1:12 さて、兄弟たち。私の身に起こったことが、かえって福音を前進させることになったのを知ってもらいたいと思います。
1:13 私がキリストのゆえに投獄されている、ということは、親衛隊の全員と、そのほかのすべての人にも明らかになり、
1:14 また兄弟たちの大多数は、私が投獄されたことにより、主にあって確信を与えられ、恐れることなく、ますます大胆に神のことばを語るようになりました。
1:15 人々の中にはねたみや争いをもってキリストを宣べ伝える者もいますが、善意をもってする者もいます。
1:16 一方の人たちは愛をもってキリストを伝え、私が福音を弁証するために立てられていることを認めていますが、
1:17 他の人たちは純真な動機からではなく、党派心をもって、キリストを宣べ伝えており、投獄されている私をさらに苦しめるつもりなのです。
1:18 すると、どういうことになりますか。つまり、見せかけであろうとも、真実であろうとも、あらゆるしかたで、キリストが宣べ伝えられているのであって、このことを私は喜んでいます。そうです、今からも喜ぶことでしょう。
1:19 というわけは、あなたがたの祈りとイエス・キリストの御霊の助けによって、このことが私の救いとなることを私は知っているからです。

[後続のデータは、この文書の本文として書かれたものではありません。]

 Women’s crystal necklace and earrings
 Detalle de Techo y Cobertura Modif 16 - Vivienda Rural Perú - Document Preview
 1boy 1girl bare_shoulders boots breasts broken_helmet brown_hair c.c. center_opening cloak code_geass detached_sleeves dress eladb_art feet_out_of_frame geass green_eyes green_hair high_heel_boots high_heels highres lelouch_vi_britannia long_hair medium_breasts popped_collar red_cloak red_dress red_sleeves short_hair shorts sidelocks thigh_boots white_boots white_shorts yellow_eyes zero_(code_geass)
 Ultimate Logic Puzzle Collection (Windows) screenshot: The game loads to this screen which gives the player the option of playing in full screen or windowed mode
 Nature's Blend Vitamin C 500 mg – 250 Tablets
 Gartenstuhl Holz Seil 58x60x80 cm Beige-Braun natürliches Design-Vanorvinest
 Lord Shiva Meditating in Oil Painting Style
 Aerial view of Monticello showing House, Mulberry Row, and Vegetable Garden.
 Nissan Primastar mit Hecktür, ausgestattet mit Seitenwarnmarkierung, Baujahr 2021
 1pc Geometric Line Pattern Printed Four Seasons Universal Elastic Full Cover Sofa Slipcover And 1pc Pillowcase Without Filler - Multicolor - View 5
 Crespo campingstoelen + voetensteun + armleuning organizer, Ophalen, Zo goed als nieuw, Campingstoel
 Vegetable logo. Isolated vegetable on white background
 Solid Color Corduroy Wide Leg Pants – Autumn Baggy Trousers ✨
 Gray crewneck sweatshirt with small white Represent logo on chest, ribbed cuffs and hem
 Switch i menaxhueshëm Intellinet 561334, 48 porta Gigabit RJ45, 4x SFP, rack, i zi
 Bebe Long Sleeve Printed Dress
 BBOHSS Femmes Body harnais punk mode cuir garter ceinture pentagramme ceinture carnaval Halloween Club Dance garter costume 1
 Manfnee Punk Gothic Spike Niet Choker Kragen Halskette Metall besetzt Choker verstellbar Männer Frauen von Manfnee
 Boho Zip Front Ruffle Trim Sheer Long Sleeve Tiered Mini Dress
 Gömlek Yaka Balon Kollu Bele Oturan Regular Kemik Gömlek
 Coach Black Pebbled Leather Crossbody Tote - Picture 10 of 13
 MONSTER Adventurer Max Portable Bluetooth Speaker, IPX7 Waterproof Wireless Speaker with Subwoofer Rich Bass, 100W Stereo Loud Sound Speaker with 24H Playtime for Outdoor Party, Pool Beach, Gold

 日本ミッションのプレジデントに、ヴァーヴェイ先生というご高齢の方がいらっしゃいます。私は、この先生のお話を二度お伺いし、通訳もしましたが、先生のお話はとてもおもしろいのです。先生は南アフリカの辺鄙なところで生まれ育った方です。十六歳になって、自動車の免許証を貰うために町に出て、生まれて始めて交通信号を見たそうです。役所に行って「運転できるか」と聞かれたので「村でトラックを動かしたことがある」と答えたら、それだけで免許証を貰えたそうです。交通信号を見たことがなくても免許証が貰えるのですから、いいかげんと言えばいいかげん、おおらかと言えばおおらかな時代があったのですね。

 ヴァーヴェイ先生のお話しによれば、そのころ、子どもたちは誰も靴を履いておらず、みなはだしで外を走り回っていたそうです。今でも、ヴァーヴェイ先生の子ども時代の南アフリカのように、ほとんど靴を履かないで生活しているところが、まだまだあるでしょうね。ある靴の会社が、靴を履かないで生活しているある国に、二人の社員を派遣したそうです。二人とも、この国の実情を良く調べて、本社にレポートを送りました。ひとりの社員は、こう書きました。「ここでは、誰一人靴を履く人はいません。こんなところでは一足の靴も売れません!」ところがもうひとりはこう報告しました。「ここでは誰もまだ靴を履いたことがありません。すぐにわが社の靴を売れば、みんなが、わが社の靴を履くようになるでしょう!」皆さんが靴会社の社員だったら、どういう報告をしますか。同じ事実を見ても、物の考え方によって、人は違った反応をし、その結果も違ってくるのですね。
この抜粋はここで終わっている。